The records that follow are to be repeated exactly, with no pictures carried over.

---*---

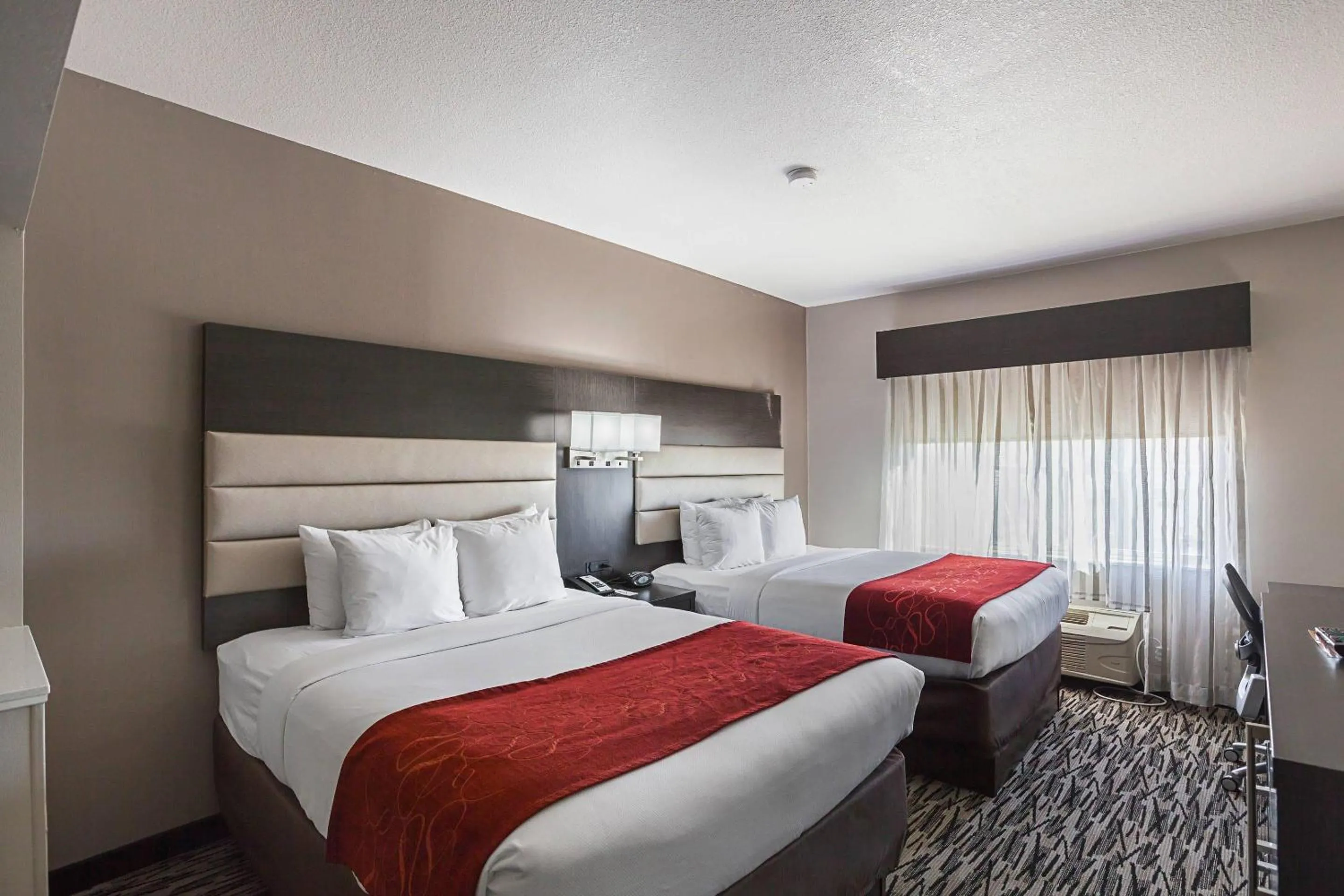 Bedroom, Bed in Comfort Suites Lewisville - Dallas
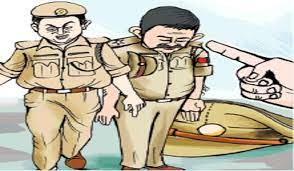 Photo of पुलिस की कार्यशैली पर फिर लगा सवालिया निशान पुलिस के कर्मचारी ने पत्रकार पर बोला हमला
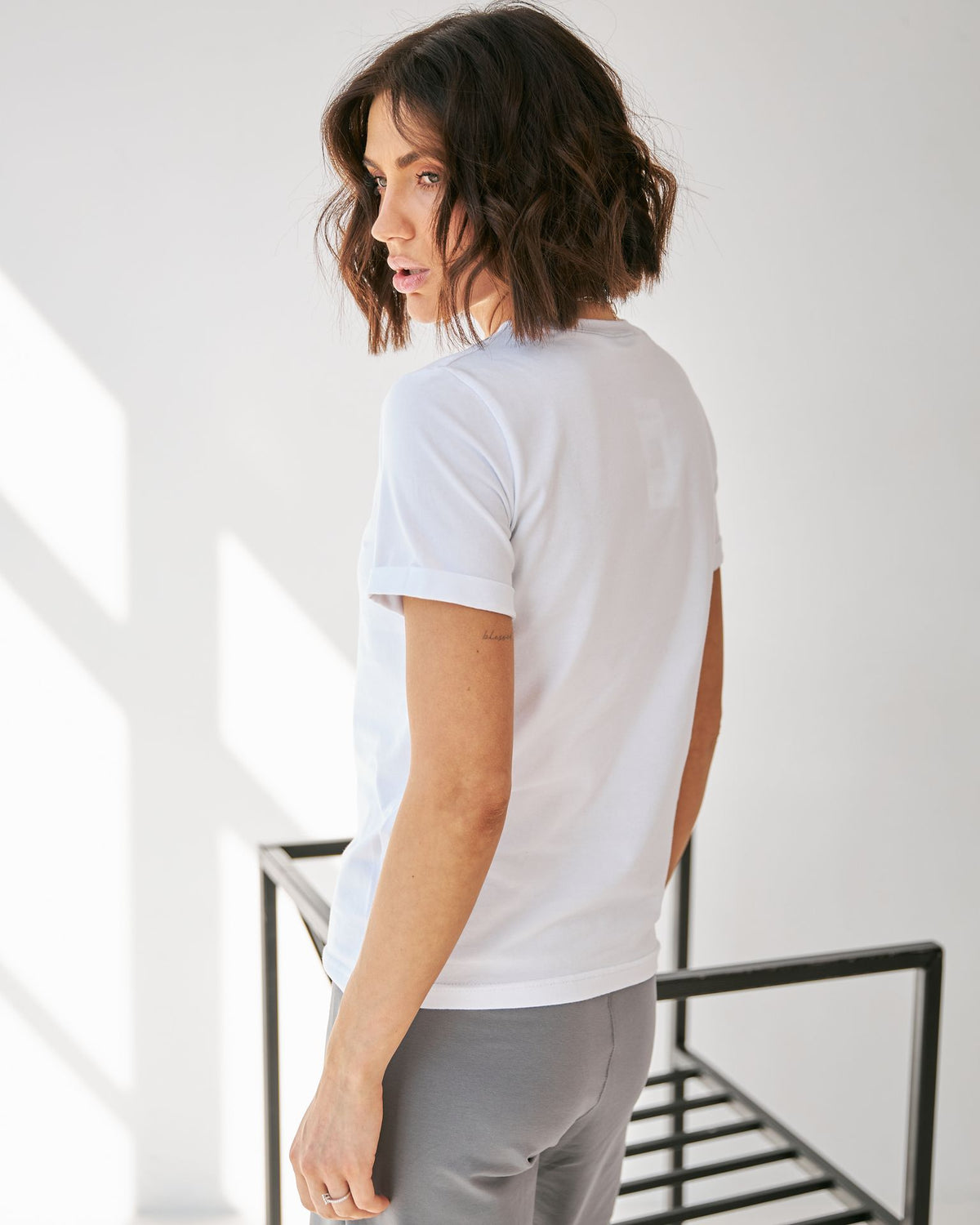 Tricou basic cu manșete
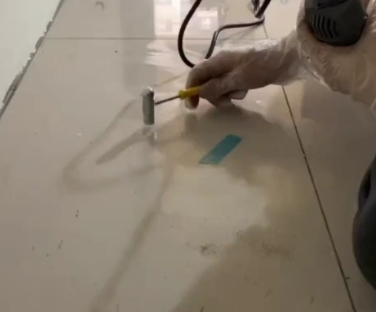 北京市瓷砖开裂维修公司专业分享瓷砖在铺贴前如果没有沥干水分，将会导致以下问题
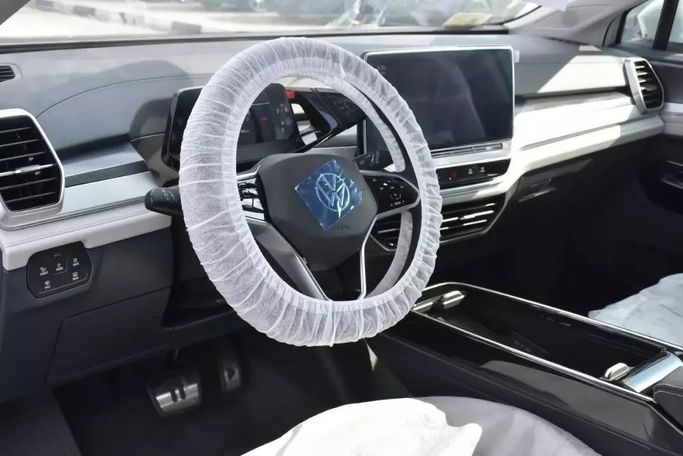 New Volkswagen ID.6, 2022 in Sharjah by Alfaris Used Cars, White color. Other | AUTO.AE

---*---

EXERCISE RESULT
 Bedroom, Bed in Comfort Suites Lewisville - Dallas
 Photo of पुलिस की कार्यशैली पर फिर लगा सवालिया निशान पुलिस के कर्मचारी ने पत्रकार पर बोला हमला
 Tricou basic cu manșete
 北京市瓷砖开裂维修公司专业分享瓷砖在铺贴前如果没有沥干水分，将会导致以下问题
 New Volkswagen ID.6, 2022 in Sharjah by Alfaris Used Cars, White color. Other | AUTO.AE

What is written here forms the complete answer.